Legend has it that the
doyen of South African surfing, John Whitmore, discovered the waves at
Jeffrey's Bay in the late 1950s as he drove up the famous N2 "Garden
Route" between Cape Town and Port Elizabeth on a business trip.
As he stood in amazement at the side of the road looking at an as yet
unmapped break through binoculars, it would have been extremely hard
to mistake those ruler edged corduroy lines perfectly wrapping around
a point, giving what could have been (taking all the component breaks
into account) a 1.2 kilometer ride.
Unlike its soon to be world famous neighbor Cape St. Francis,
Jeffrey's Bay is a consistent break. The prevailing winds in the area
are offshore. The ocean bottom is formed largely of flat bedrock,
rather than of shifting sands, so that when a ground swell of almost
any height is amove (and the prevailing swell direction at Jeffrey's
Bay is also almost always optimal), Jeffrey's Bay works.
Following the 1966 international release of Bruce Brown's
quintessential and timeless surfing film "The Endless Summer" to
delighted surfers and audiences everywhere, the legend of the perfect
wave at Cape St. Francis grew, attracting surfers from other
countries, as well as us locals from around South Africa.
But Bruce's now infamous playful exaggeration - that Cape St. Francis'
perfection is "always like this" - proved to be disappointing. Not
only does the shifting sand bottom make Cape St. Francis iffy at best,
but the winds there are not prevailing offshore. Surfers visiting Cape
St. Francis often found it not working. So, being in the area anyway,
they started to explore nearby opportunities, and slowly the legends
of nearby Seal Point and Jeffrey's Bay were born and grew. And while
Jeffrey's Bay has never gained the worldwide renown that Cape St.
Francis has for having the perfect wave (regardless of that being true
or it being false, but such is the stuff of which legends are made),
the consistency of Jeffrey's Bay in terms of how often the breaks
there really work became legendary in and of itself.
Rodney Sumpter, the then British surfing champion, also showed up in
South Africa, traveling from town to town, hamlet to hamlet, showing
his own surfing movie, further popularizing the sport of surfing in
South Africa, and further forever sealing Jeffrey's Bay's fate as the
local surfers' "secret spot" which unfortunately for them was also
known to and coveted by every other surfer in the world!
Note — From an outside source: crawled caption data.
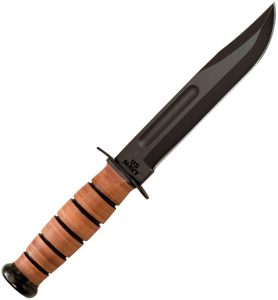KA1225.jpg Ka-Bar US Navy Fighter Fixed Blade 1095 Steel Leather Handle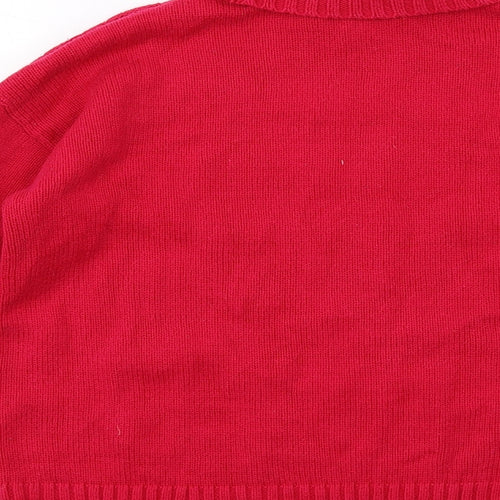 Liz Claiborne Womens Pink Roll Neck Cotton Pullover Jumper Size M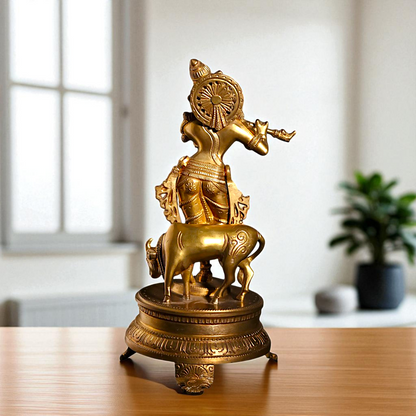 Lord Venugopal Krishna with Cow Standing Playing Flute Bronze/Panchaloha idol - 11 Inches Nikuressence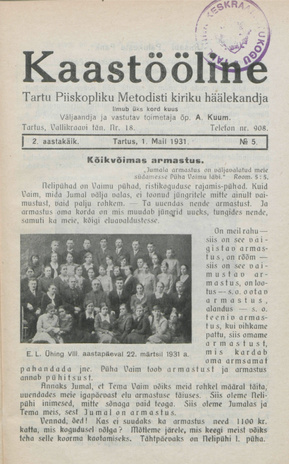 Kaastööline : Tartu Ühisabi Informatsioonileht ; 5 1931-05-01
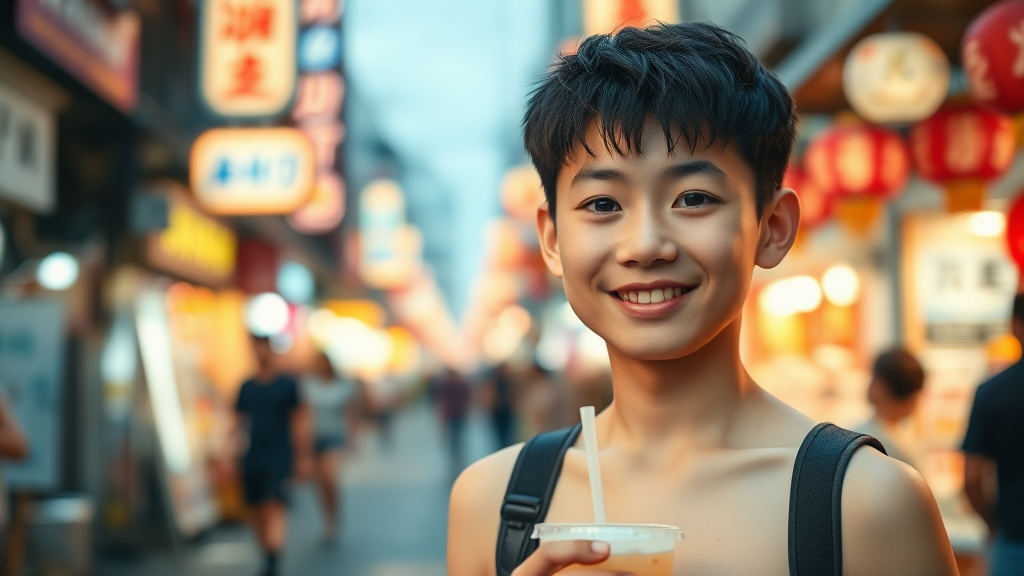 A vibrant street scene with bright lights, blurred background, a Taiwanese boy wandering through the night market, facing the camera, wearing a sweet smile, with a strong and fair complexion, exposing his fair upper body, holding a cup of bubble tea in his hand.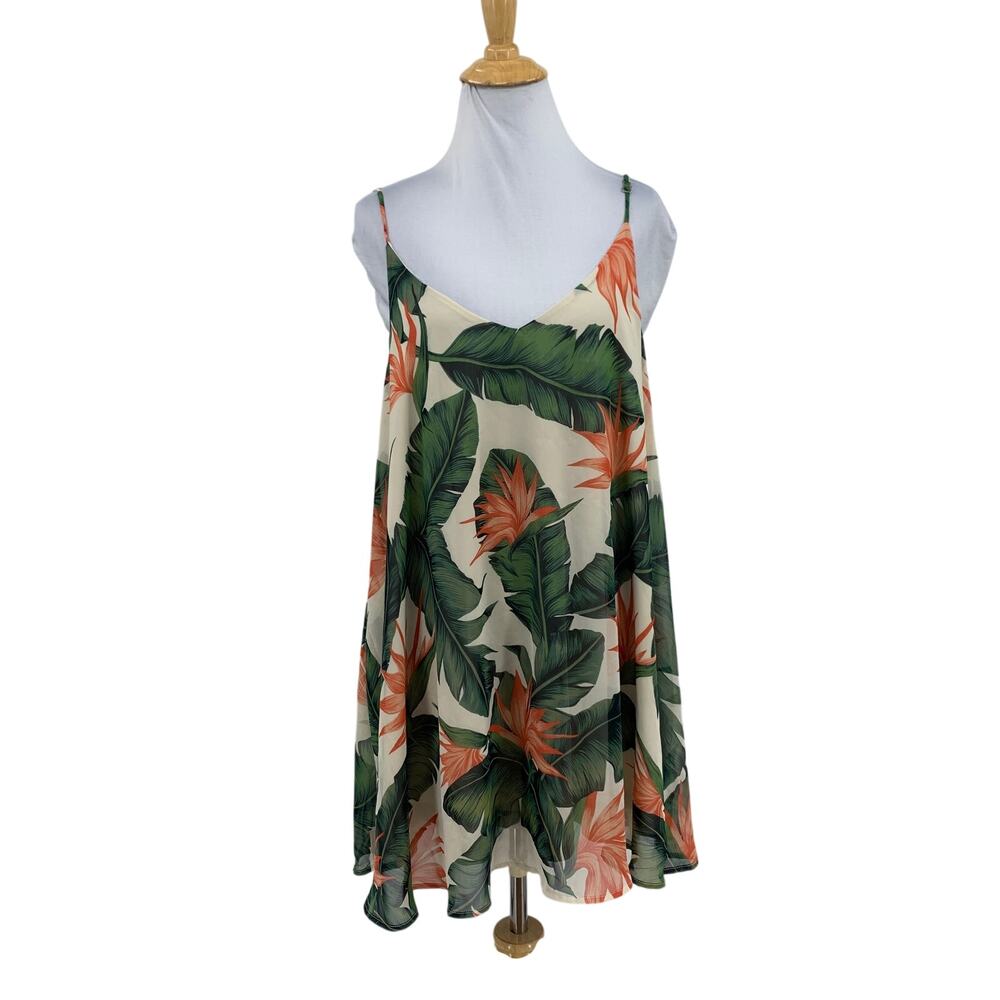 Show Me Your Mumu Dress Womens L Large Beige Paradise Found V Neck Lined Mini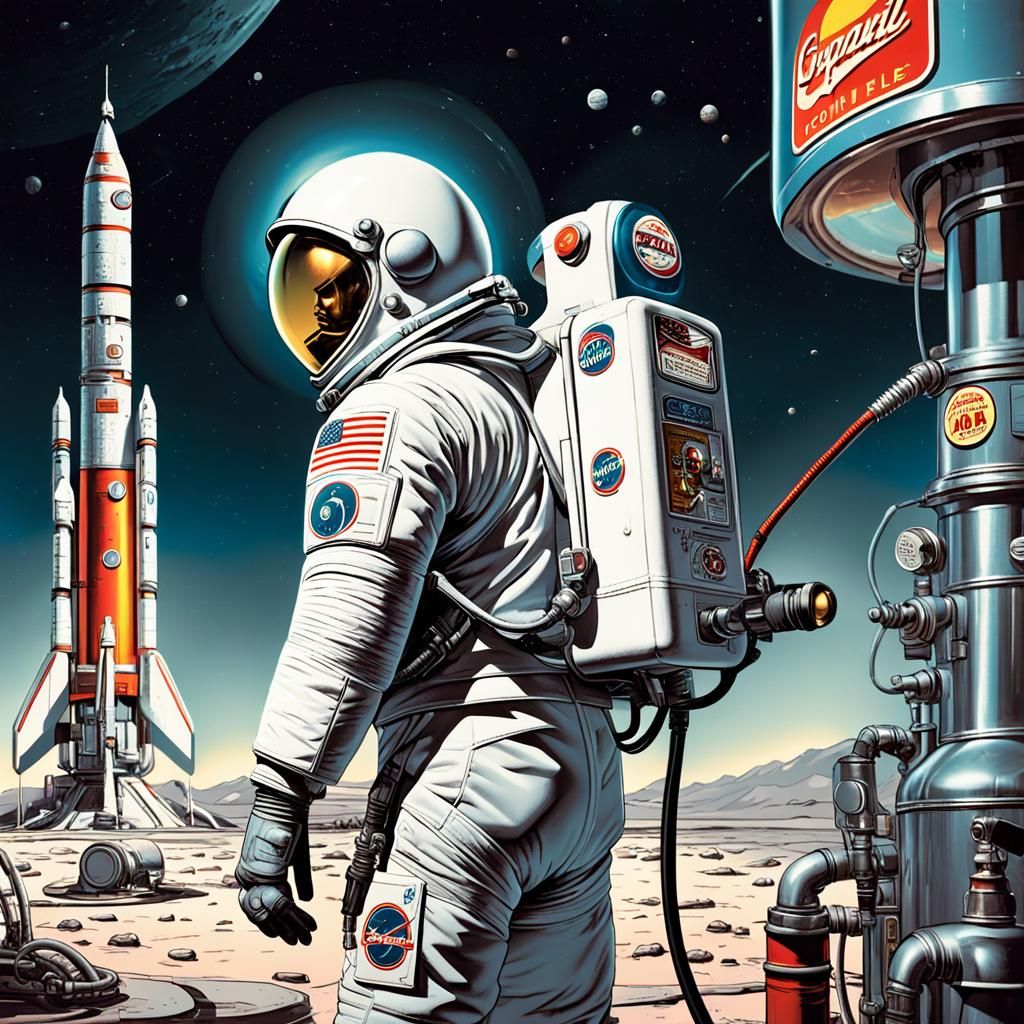 Retro-Futuristic Astronaut Refuels Rocket in Comic Book Styl...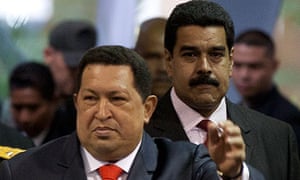 Hugo Chávez and Nicolas Maduro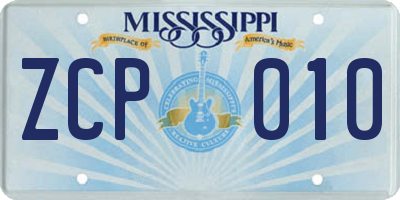 MS license plate ZCP010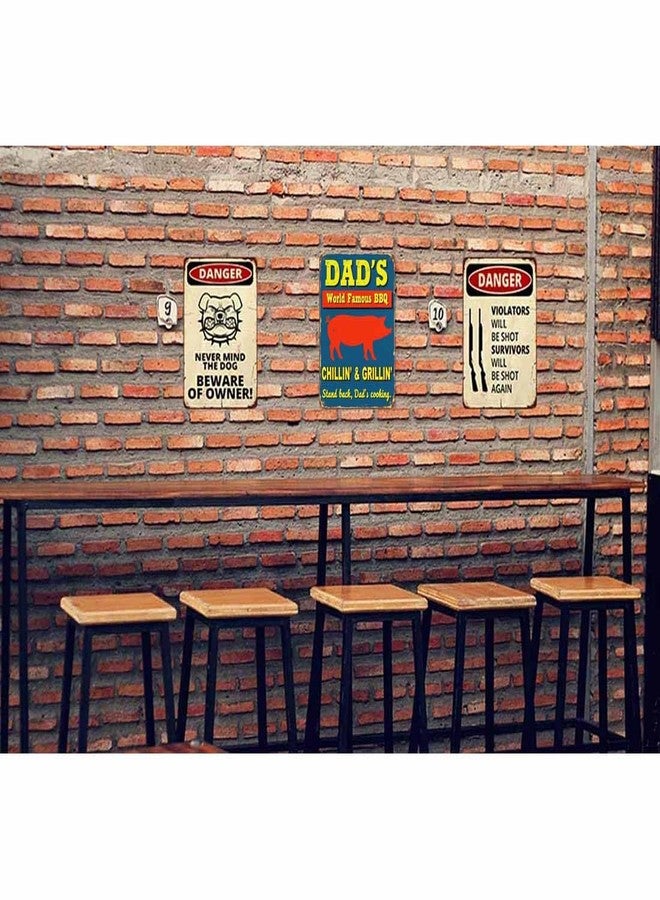 AOYEGO Dad's BBQ Tin Sign,World Famous BBQ with Red Pig Blue Vintage Metal Tin Signs for Cafes Bars Pubs Shop Wall Decorative Funny Retro Signs for Men Women 8x12 Inch - Image 4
In 1964, when you drove to Jeffrey's Bay from Cape Town up the N2
Garden Route, you knew when you were close to the mecca. The climate
changed. That place had its own climate! If you hung your arm out the
window, the hairs on the back of your hand "knew" you were getting
close. It was an indescribable feeling, like moving into a distinctly
different climate zone.
And the scent. The pungent aroma of the local Jeffrey's Bay flora.
That unique scent of Jeffrey's Bay! Anyone who has been to Jeffrey's
Bay knows that even when you can not see it, you can scent it.
In the beginning, there were the waves, just the waves. There were the
simply mesmerizing collections of shells on the beach which delight
conchologists. There were a few dolphins frolicking. There were the
sand dunes. That was it. That was all. Much, much later came the
development, the houses, and the parking lots.
But in the beginning there was just the farmland abutting the point.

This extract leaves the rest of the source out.